Create calibration plot

Create a calibration plot to assess the agreement between predicted probabilities and observed treatment rates. This function wraps geom_calibration().

Usage

plot_calibration(x, ...)

# S3 method for class 'data.frame'
plot_calibration(
  x,
  .fitted,
  .group,
  treatment_level = NULL,
  method = "breaks",
  bins = 10,
  smooth = TRUE,
  conf_level = 0.95,
  window_size = 0.1,
  step_size = window_size/2,
  k = 10,
  include_rug = FALSE,
  include_ribbon = TRUE,
  include_points = TRUE,
  na.rm = FALSE,
  ...
)

# S3 method for class 'glm'
plot_calibration(
  x,
  treatment_level = NULL,
  method = "breaks",
  bins = 10,
  smooth = TRUE,
  conf_level = 0.95,
  window_size = 0.1,
  step_size = window_size/2,
  k = 10,
  include_rug = FALSE,
  include_ribbon = TRUE,
  include_points = TRUE,
  na.rm = FALSE,
  ...
)

# S3 method for class 'lm'
plot_calibration(
  x,
  treatment_level = NULL,
  method = "breaks",
  bins = 10,
  smooth = TRUE,
  conf_level = 0.95,
  window_size = 0.1,
  step_size = window_size/2,
  k = 10,
  include_rug = FALSE,
  include_ribbon = TRUE,
  include_points = TRUE,
  na.rm = FALSE,
  ...
)

Arguments

x: Either a fitted model object (lm or glm) or a data frame
...: Additional arguments passed to methods
.fitted: Column name of predicted probabilities (propensity scores). Can be unquoted (e.g., .fitted) or quoted (e.g., ".fitted").
.group: Column name of treatment/group variable. Can be unquoted (e.g., qsmk) or quoted (e.g., "qsmk").
treatment_level: Value indicating which level of .group represents treatment. If NULL (default), uses the last level for factors or max value for numeric.
method: Character; calibration method - "breaks", "logistic", or "windowed".
bins: Integer >1; number of bins for the "breaks" method.
smooth: Logical; for "logistic" method, use GAM smoothing if available.
conf_level: Numeric in (0,1); confidence level for CIs (default = 0.95).
window_size: Numeric; size of each window for "windowed" method.
step_size: Numeric; distance between window centers for "windowed" method.
k: Integer; the basis dimension for GAM smoothing when method = "logistic" and smooth = TRUE. Default is 10.
include_rug: Logical; add rug plot showing distribution of predicted probabilities.
include_ribbon: Logical; show confidence interval ribbon.
include_points: Logical; show points (only for "breaks" and "windowed" methods).
na.rm: Logical; if TRUE, drop NA values before computation.

Value

A ggplot2 object.

Details

Calibration plots visualize how well predicted probabilities match observed outcome rates. Since outcomes are binary (0/1), the "observed rate" represents the proportion of units with outcome = 1 within each prediction group. For example, among all units with predicted probability around 0.3, we expect approximately 30% to actually have the outcome. Perfect calibration occurs when predicted probabilities equal observed rates (points fall on the 45-degree line).

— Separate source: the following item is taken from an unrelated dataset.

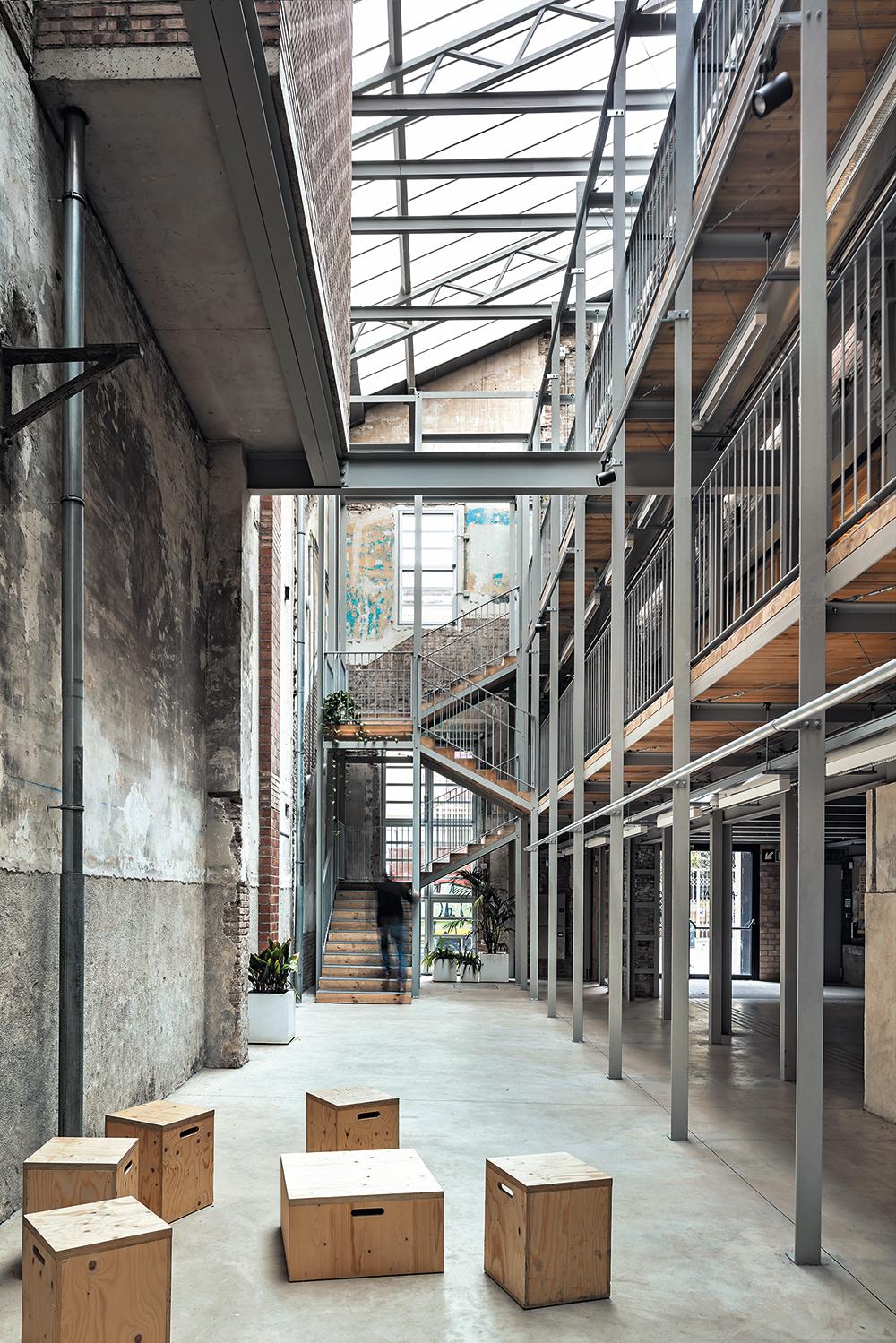 Mit minimalen Mitteln bauten Harquitectes die ehemalige Arbeiterkooperative Lleialtat Santsenca in Barcelona zum Bürgerzentrum um. Eine überdachte Erschließungszone mit Stahlskelett verbindet die drei Bestandsbauten zu einem Ganzen.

The plot supports three calibration assessment methods:

"breaks": Bins predictions into groups and compares mean prediction vs observed rate within each bin
"logistic": Fits a logistic regression of outcomes on predictions; perfect calibration yields slope=1, intercept=0
"windowed": Uses sliding windows across the prediction range for smooth calibration curves

The function supports two approaches:

For regression models (lm/glm): Extracts fitted values and observed outcomes automatically
For data frames: Uses specified columns for fitted values and treatment group

Examples

library(ggplot2)

# Method 1: Using data frame
plot_calibration(nhefs_weights, .fitted, qsmk)
#> Warning: Small sample sizes or extreme proportions detected in bins 9, 10 (n = 8, 3).
#> Confidence intervals may be unreliable. Consider using fewer bins or a
#> different calibration method.
#> Warning: Small sample sizes or extreme proportions detected in bins 9, 10 (n = 8, 3).
#> Confidence intervals may be unreliable. Consider using fewer bins or a
#> different calibration method.
#> Warning: Small sample sizes or extreme proportions detected in bins 9, 10 (n = 8, 3).
#> Confidence intervals may be unreliable. Consider using fewer bins or a
#> different calibration method.


# With rug plot
plot_calibration(nhefs_weights, .fitted, qsmk, include_rug = TRUE)
#> Warning: Small sample sizes or extreme proportions detected in bins 9, 10 (n = 8, 3).
#> Confidence intervals may be unreliable. Consider using fewer bins or a
#> different calibration method.
#> Warning: Small sample sizes or extreme proportions detected in bins 9, 10 (n = 8, 3).
#> Confidence intervals may be unreliable. Consider using fewer bins or a
#> different calibration method.
#> Warning: Small sample sizes or extreme proportions detected in bins 9, 10 (n = 8, 3).
#> Confidence intervals may be unreliable. Consider using fewer bins or a
#> different calibration method.


# Different methods
plot_calibration(nhefs_weights, .fitted, qsmk, method = "logistic")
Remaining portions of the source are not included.